= Beginning of Section =

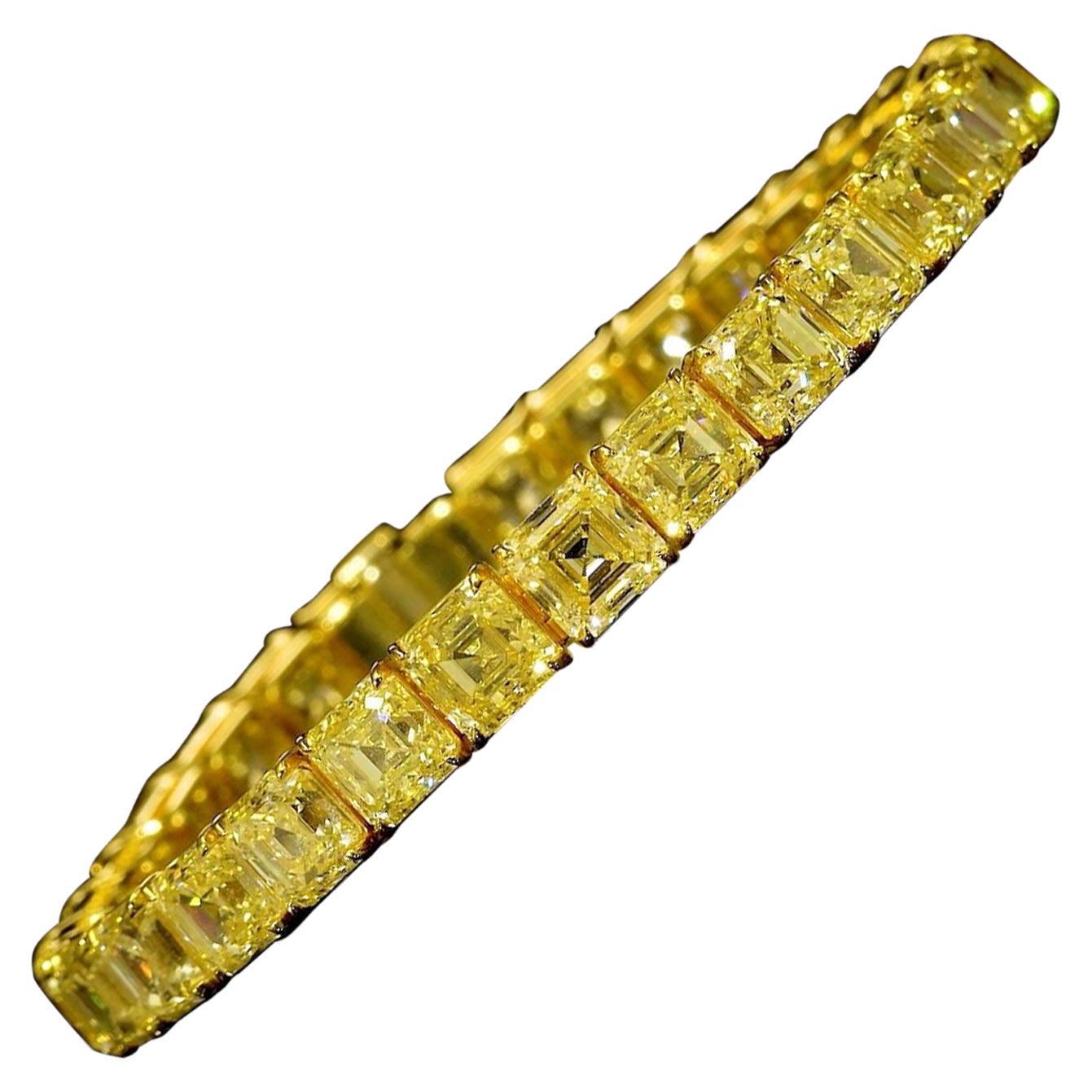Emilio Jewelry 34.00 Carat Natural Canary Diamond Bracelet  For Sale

= End of Section =
= Beginning of Section =

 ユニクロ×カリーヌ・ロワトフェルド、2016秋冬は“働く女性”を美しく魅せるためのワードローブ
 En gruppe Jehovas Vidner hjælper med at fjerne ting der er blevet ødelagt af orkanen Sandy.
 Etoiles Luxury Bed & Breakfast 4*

= End of Section =

→ What the task asks:
In the listing above, locate the line containing "ユニクロ×カリーヌ・ロワトフ" and the line containing "Etoiles Luxury Bed & Breakfast 4*". Transcribe those two lines and everything between them, exactly as written.

→ Solution to the exercise:
 ユニクロ×カリーヌ・ロワトフェルド、2016秋冬は“働く女性”を美しく魅せるためのワードローブ
 En gruppe Jehovas Vidner hjælper med at fjerne ting der er blevet ødelagt af orkanen Sandy.
 Etoiles Luxury Bed & Breakfast 4*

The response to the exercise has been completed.